Ahmad Quni, a journalist, stated in an Aug. 10, 2003 article "Iraq Oil - The Target for Years," published on AlJazeera.NET:
"The roots of US ambitions in Iraq go back to the aftermath of World War I (WWI) which put an end to Turkish presence in the region. The the Sykes-Picot agreement, signed by the British and the French, re-carved the Middle East Creating new entities ruled either by the colonialist powers or by puppet regimes.
Despite the underlying differences, Britain and France agreed to divide the Fertile Crescent encompassing Iraq, Syria, Palestine, Lebanon and Jordan, between them as areas of influence...
Faced with the British and French domination over the region's huge resources, the US at first demanded an 'open door' policy allowing US companies to freely negotiate oil contracts with the puppet monarchy of King Faisal whom the British had installed in Iraq...
In 1927, major oil explorations were undertaken and huge oil deposits were discovered in the Mosul province, which fueled the rivalry among competing colonialist oil companies even further.
However, a settlement was arranged and Iraq oil was divided up into five portions, 23.75% for each of several companies from Britain, France, Holland and the United States.
The Iraqi people were left with virtually nothing of their oil wealth, and this unfair situation continued until 1958 when the Hashemite monarchy was toppled in a military coup.
The Iraqi petroleum company, shared by British Petroleum, Shell, Mobil and Standard Oil of New Jersey (Exxon) was established.
Within a few years, this company had a total monopoly of Iraqi oil production...
By July 1958, a military coup overthrew the Iraqi monarchy, a development that the US regarded as detrimental to its vital interests and immediately landed 20,000 marines in Lebanon in the context of what was known as the 'Eisenhower doctrine.'"
Aug. 10, 2003 Ahmad Quni
Donald L. Barlett and James B. Steele, journalists, stated in a May 10, 2003 TIME magazine article titled "Iraq's Crude Awakening":
"In Iraq, restricted production is an old story. It has often been the victim, ever since oil was discovered near Kirkuk in 1927, within miles of the biblical fiery furnace of Nebuchadnezzer. The Iraq Petroleum Co., jointly owned by U.S., British, French and Dutch oil giants, drilled the first well. It gushed at a rate of 100,000 bbl. a day. That much cheap oil was that last thing the international oil companies wanted. They clamped a lid on the well and sat on the field through the 1930s because the world was awash in oil, and prices were already depressed. Texas crude had fallen from $1.30 per bbl. to 5(cent).

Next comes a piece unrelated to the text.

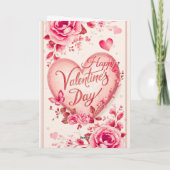 Personalized By You - Valentine's Day Cards Kaart (Achterkant)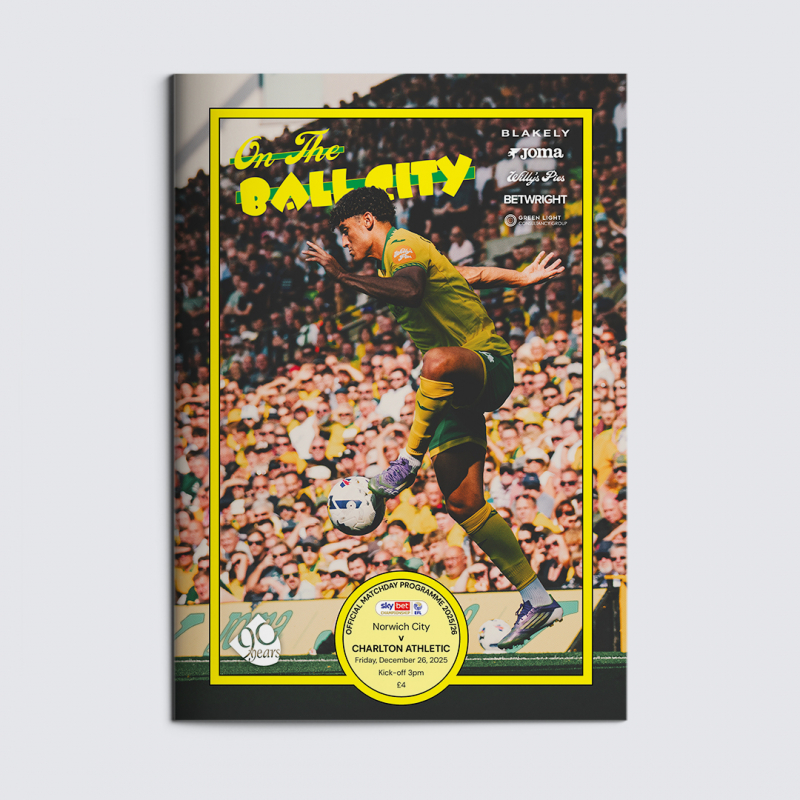 Programme - Charlton Athletic 2025/26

Conditions improved in the 1940s and '50s, but only slightly. An October 1964 State Department memo noted that Iraq Petroleum Co. had long fixed production 'in accordance with the overall worldwide interests of the participating companies, and not solely in accordance with the interests of Iraq.' Later, production was curbed because of internal political turmoil during the '70s, the Iran-Iraq war in the '80s and U.N. sanctions from 1990 until today."
May 10, 2003 Donald L. Barlett James B. Steele
J. Robinson West, JD, Chairman of PFC Energy, on Feb. 11, 2003 stated in a Washington Post Op-Ed titled "The Pipeline To Iraq's Future":
"Nearly every country with an economy dominated by oil is corrupt and dictatorial, whether in Latin America, Africa, the Caspian, Southeast Asia or the Middle east. The notable exception is Norway.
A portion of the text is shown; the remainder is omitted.